§ **WHAT NEEDS TO BE DONE**:
Repeat only the lines below from the one that contains "Download Will You" through the final line, exactly. Omit pictures.

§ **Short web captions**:
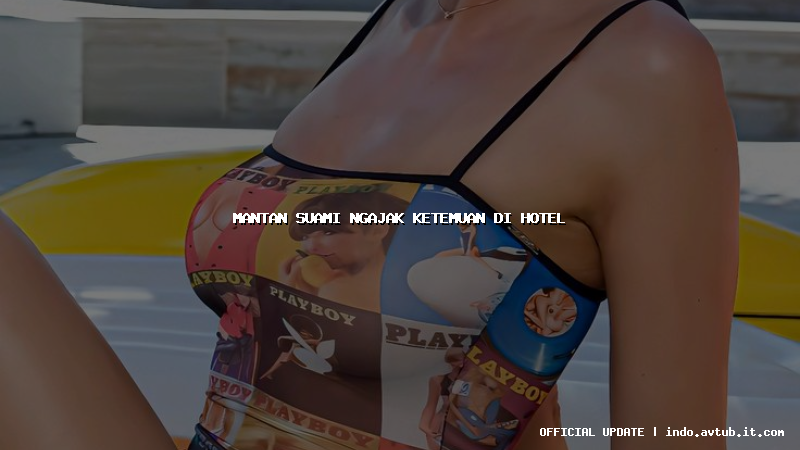 mantan suami ngajak ketemuan di hotel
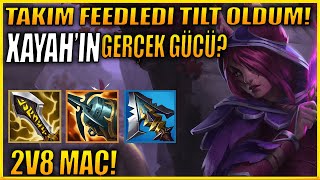 TÜM TAKIMIM FEEDLEDİ AMA XAYAH OYNUYORDUM! | @arrer5078 ile 2V8 ATTIK! | MUAZZAM MAÇ! | Adroit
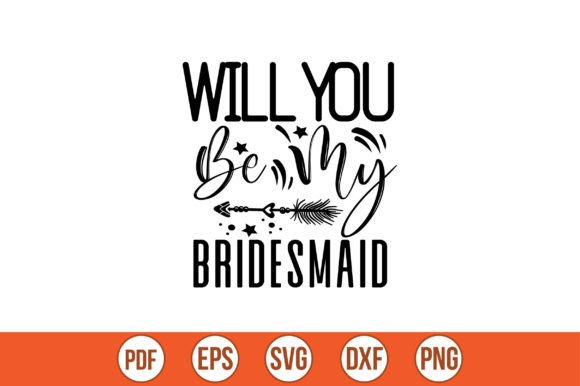 Download Will You Be My Bridesmaid Svg - Bridesmaid Collection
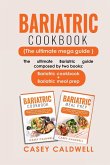 BARIATRIC COOKBOOK (THE ULTIMATE MEGA GUIDE) BARIATRIC COOKBOOK (THE ULTIMATE MEGA GUIDE)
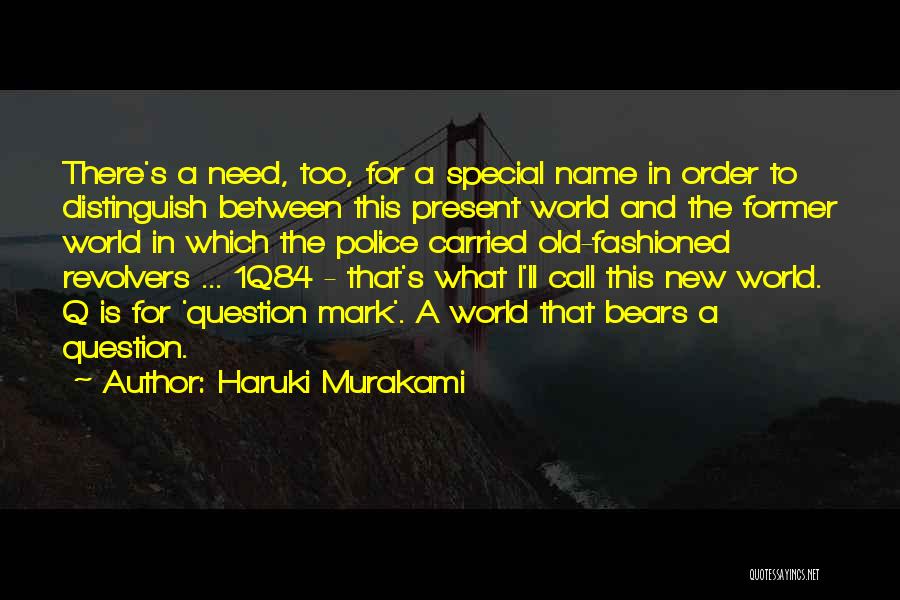 Haruki Murakami Quotes: There's A Need, Too, For A Special Name In Order To Distinguish Between This Present World And The Former World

§ **WRITTEN RESPONSE**:
 Download Will You Be My Bridesmaid Svg - Bridesmaid Collection
 BARIATRIC COOKBOOK (THE ULTIMATE MEGA GUIDE) BARIATRIC COOKBOOK (THE ULTIMATE MEGA GUIDE)
 Haruki Murakami Quotes: There's A Need, Too, For A Special Name In Order To Distinguish Between This Present World And The Former World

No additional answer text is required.